Your objective:
Output exactly, in the material below, the lines from the one with "Smsusenet Pricing" through the one with "机电库、劳保库、低耗库保管员岗.doc_第1页". Omit all pictures.

Supplied entries:
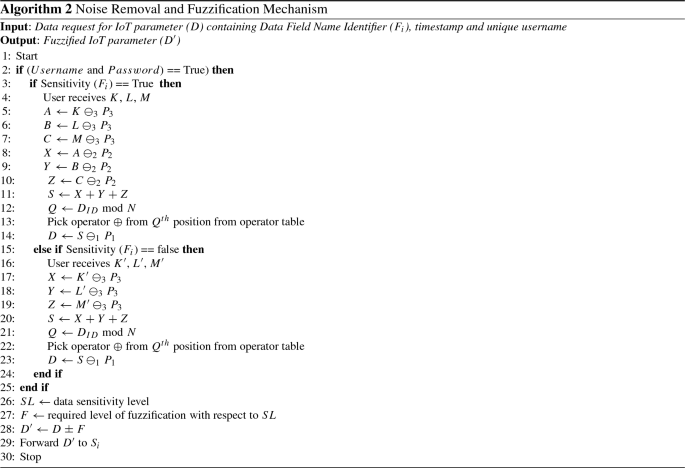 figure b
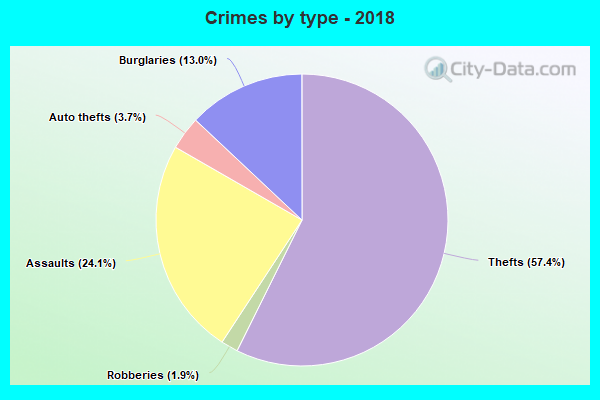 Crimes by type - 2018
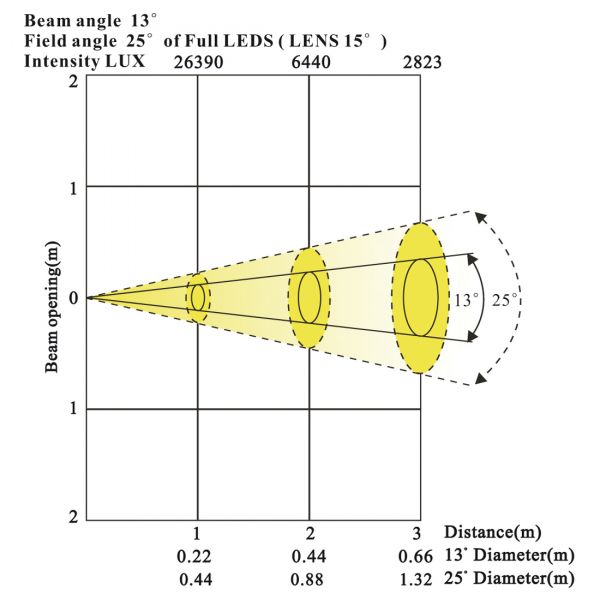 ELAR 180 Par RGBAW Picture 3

* * *

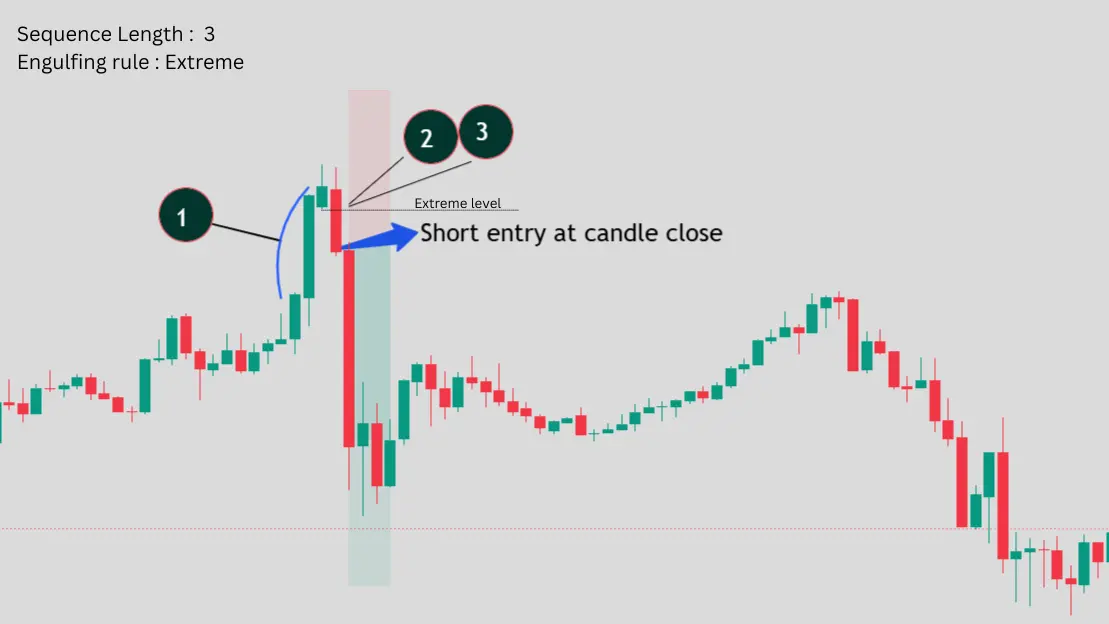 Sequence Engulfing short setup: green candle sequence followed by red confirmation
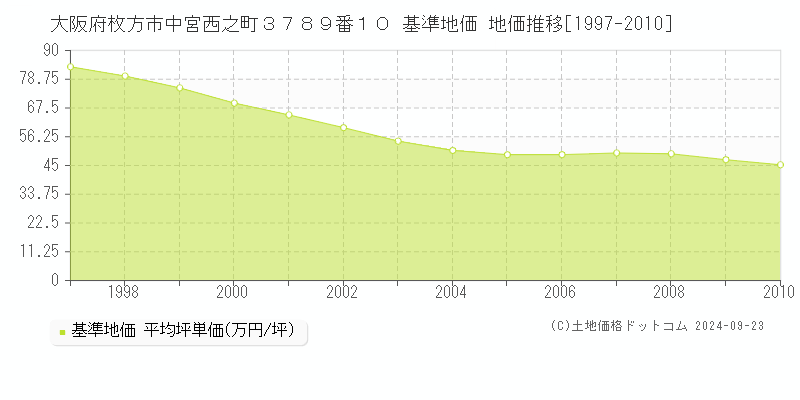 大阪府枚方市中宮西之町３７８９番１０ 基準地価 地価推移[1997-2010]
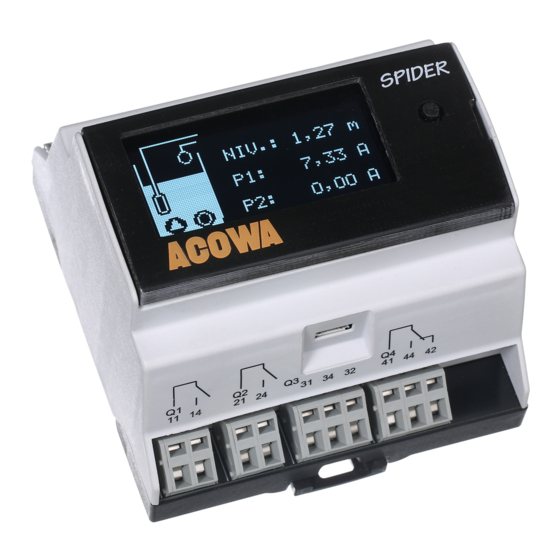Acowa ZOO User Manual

---

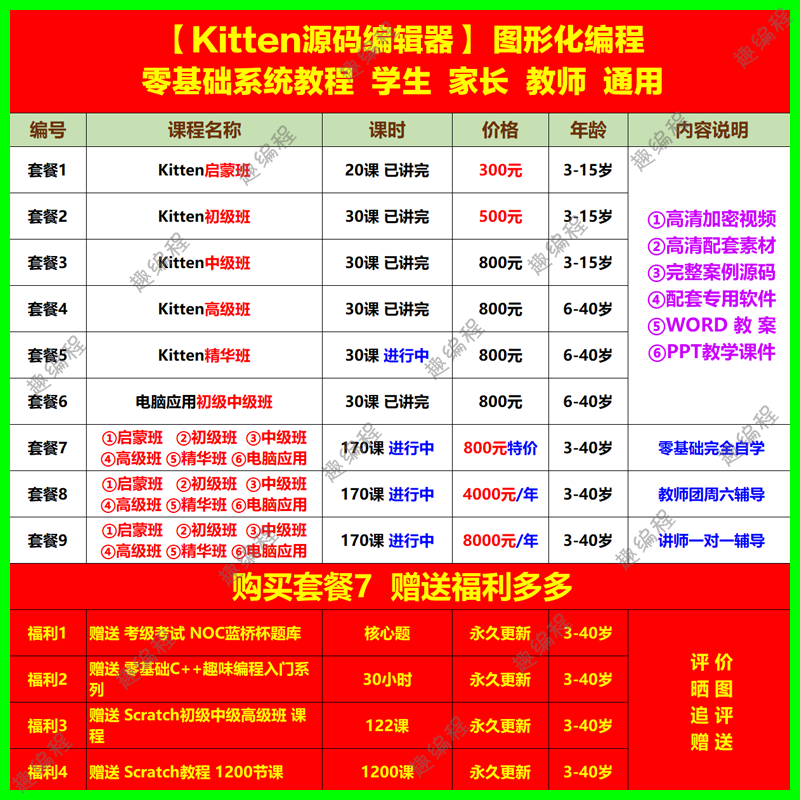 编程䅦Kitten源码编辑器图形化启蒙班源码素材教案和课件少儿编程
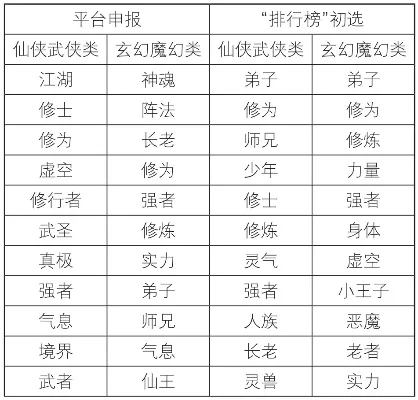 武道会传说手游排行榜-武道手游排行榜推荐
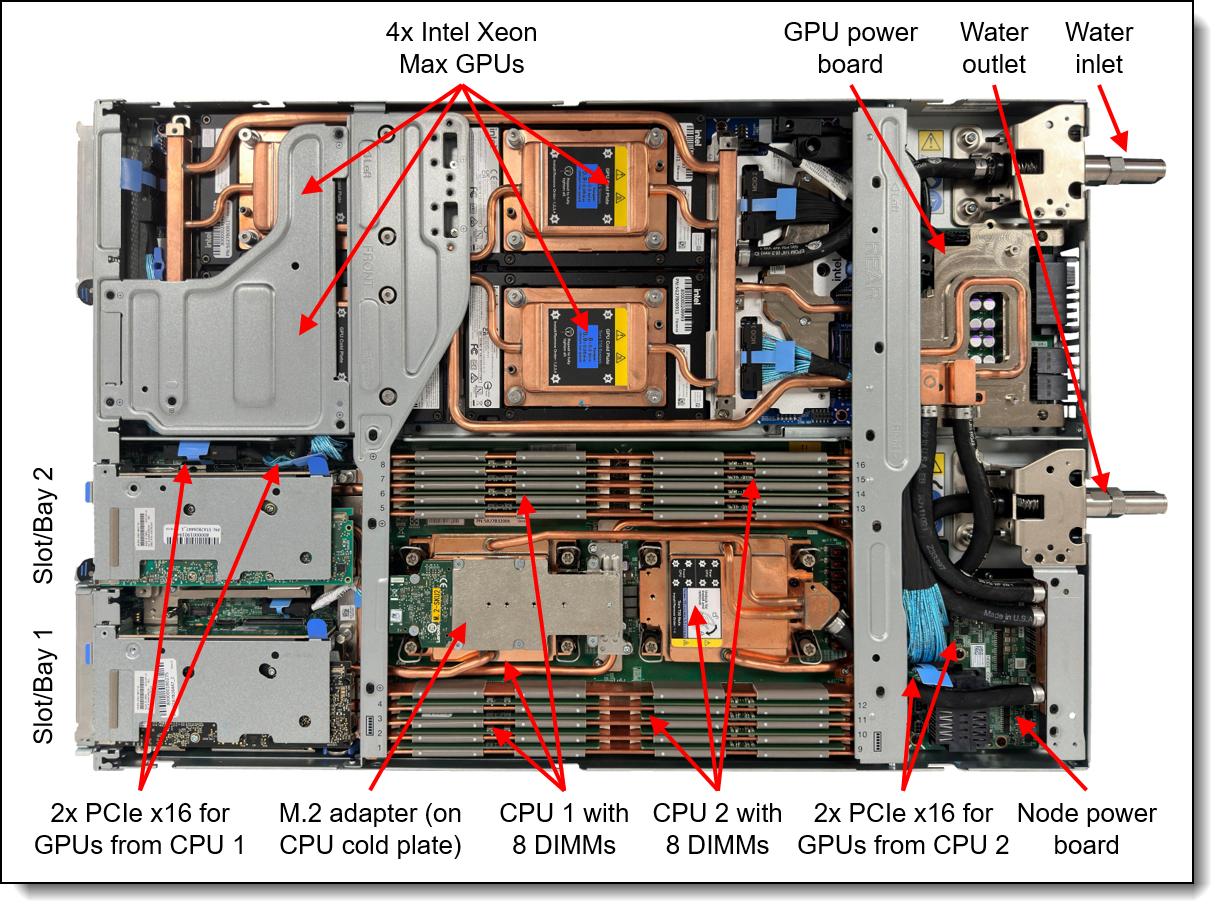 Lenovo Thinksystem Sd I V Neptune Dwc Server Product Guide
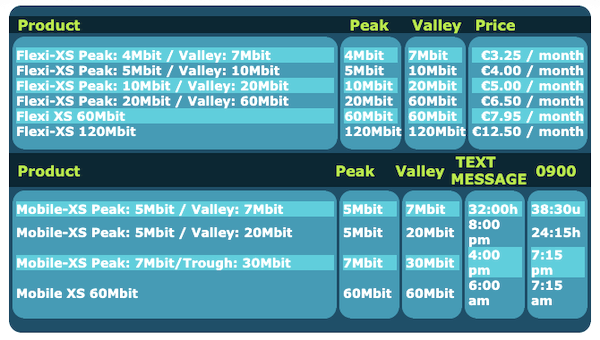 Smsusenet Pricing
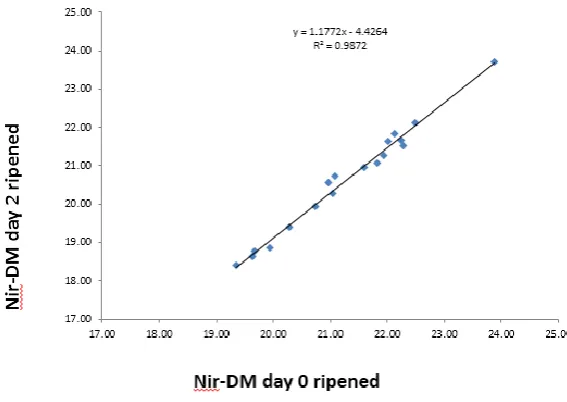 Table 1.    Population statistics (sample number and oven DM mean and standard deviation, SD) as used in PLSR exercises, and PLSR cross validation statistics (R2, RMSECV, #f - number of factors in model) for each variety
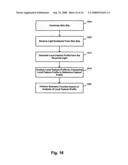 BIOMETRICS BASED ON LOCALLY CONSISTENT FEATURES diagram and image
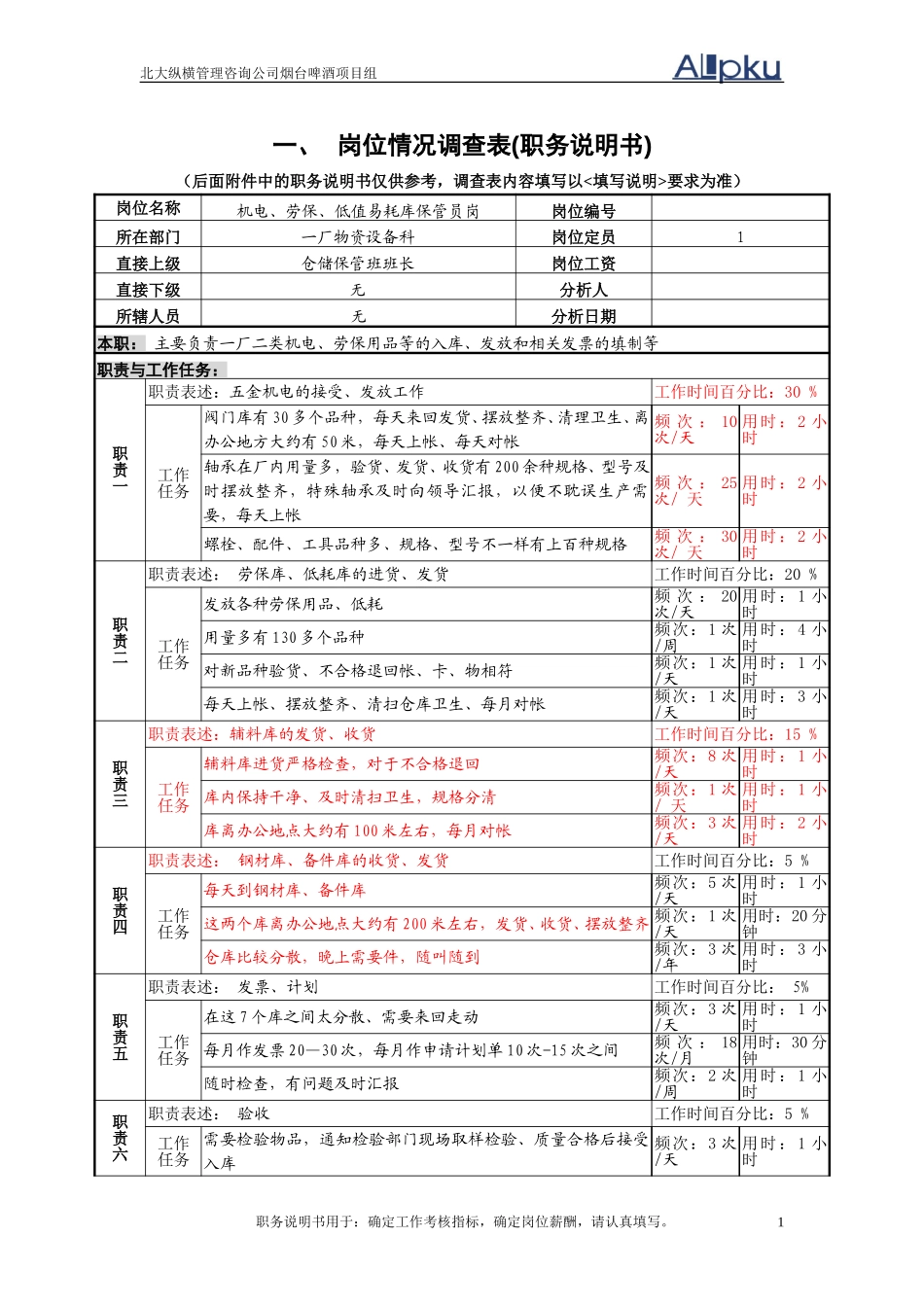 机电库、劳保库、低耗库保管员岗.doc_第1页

Your response:
 Smsusenet Pricing
 Table 1.    Population statistics (sample number and oven DM mean and standard deviation, SD) as used in PLSR exercises, and PLSR cross validation statistics (R2, RMSECV, #f - number of factors in model) for each variety
 BIOMETRICS BASED ON LOCALLY CONSISTENT FEATURES diagram and image
 机电库、劳保库、低耗库保管员岗.doc_第1页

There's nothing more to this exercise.